You can compute the best strategy starting from positions where both players are about to win and going backwards from there.
Let $p(Y,O,P)$ the probability that you win if you are at the situation $(Y,O,P)$ and if you make the best choices. The difficulty is that to compute the strategy and probability to win at some situation $(Y,O,P)$, you make your choice depending on the probability $p(O,Y,0)$. So you have a (piecewise affine and contracting) decreasing function $F_{(Y,O,P)}$ such that $p(Y,O,P) = F_{(Y,O,P)}(p(O,Y,0))$, and in particular, you need to find the fixpoint of the composition $F_{(Y,O,0)} \circ F_{(O,Y,0)}$ in order to find the real $p(O,Y,0)$, and deduce everything from there.
After computing this for a 100 points game and some inspecting, there is no function $g(Y,O)$ such that the strategy simplifies to "stop if you accumulated $g(Y,O)$ points or more". For example, at $Y=61,O=62$,you should stop when you have exactly $20$ or $21$ points, and continue otherwise.

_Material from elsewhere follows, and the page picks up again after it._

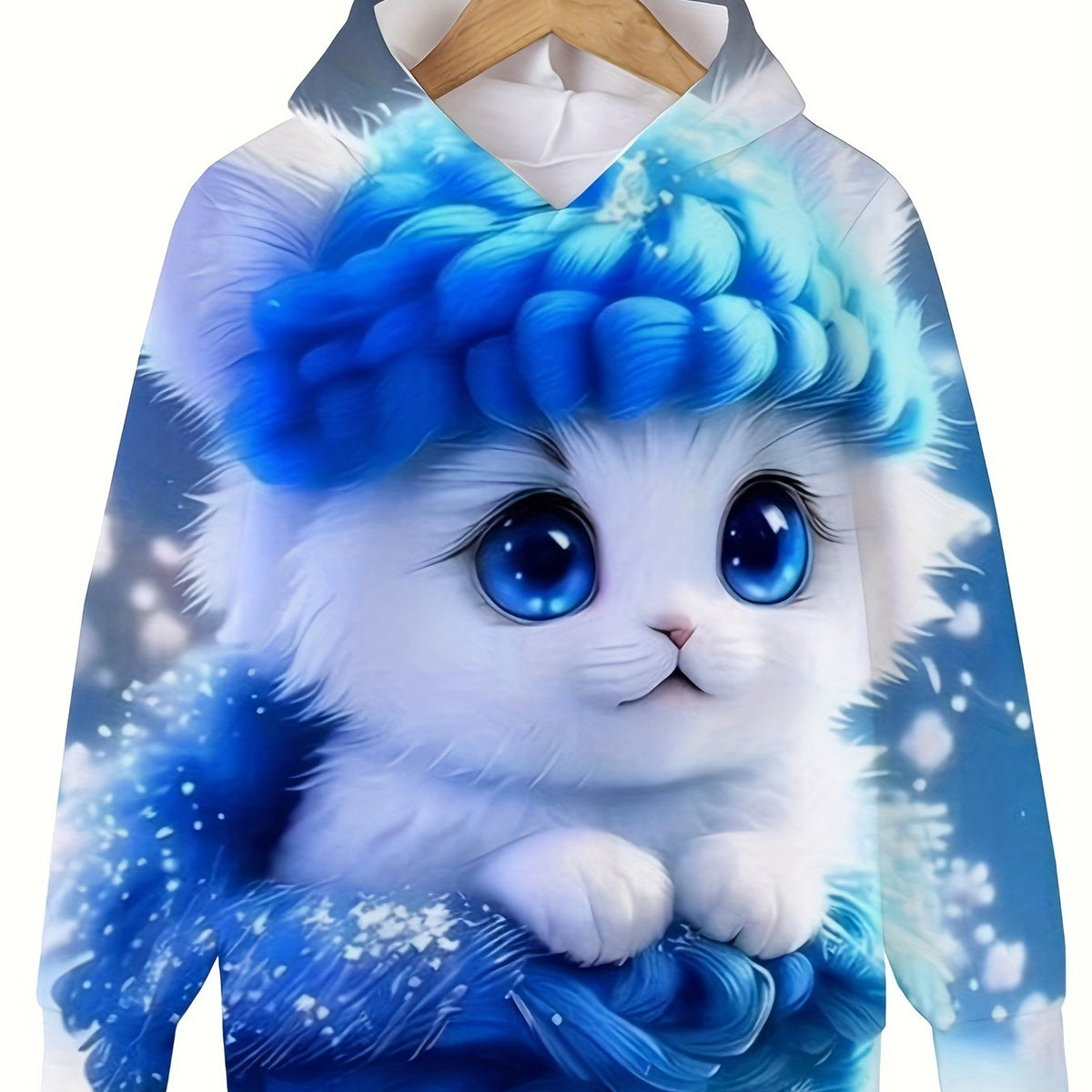 Adorable Kitten Long Sleeve Hoodie Girls Pullover Sweatshirt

If you let $g(Y,O)$ be the smallest number of points $P$ such that you should stop at $(Y,O,P)$, then $g$ does not look very nice at all. It is not monotonous and does strange things, except in the region where you should just keep playing until you lose or win in $1$ move.
Best Answer
It's easy to compute the optimal strategy for $N$ reasonably small (say, up to $N \le 10000$). You just iterate backwards from the end of the game. There are three possible doubling states:
Note that the number currently showing on the doubling die -- to use the backgammon term -- is irrelevant to your strategy (although not irrelevant to your expected gain/loss).
So for each doubling state $s \in \{1,2,3\}$ you want to compute the expected gain $E(s,x,y)$, expressed as a multiple of the number on the doubling die, where $s$ is the doubling state, $x$ is the number of points you need to win, and $y$ is the number of points your opponent needs to win.

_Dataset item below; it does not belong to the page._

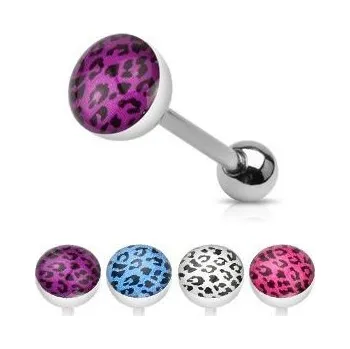 Piercing Piercing do jazyka leopardí vzor (bílá, 1,6 x 16 mm)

$x$ and $y$ can't both be zero, so we can start the ball rolling with $E(s,0,y) = 1$, $E(s,x,0) = 0$. Then you have to set up a number of simple but tedious equations expressing $E(s,x,y)$ in terms of $E(s', x', y)$ for $x' < x$ and all values of $s$ and $s'$. Then you can work backwards to calculate $E(s,x,y)$ for all $s,x,y$.
The details are, as I said, tedious, and I'm not going to spell them out unless you pay me. Just be aware that you have to store the intermediate values in a table of size $3N^2$. Don't be seduced by the obvious recursive solution -- its asymptotic complexity is exponentially worse.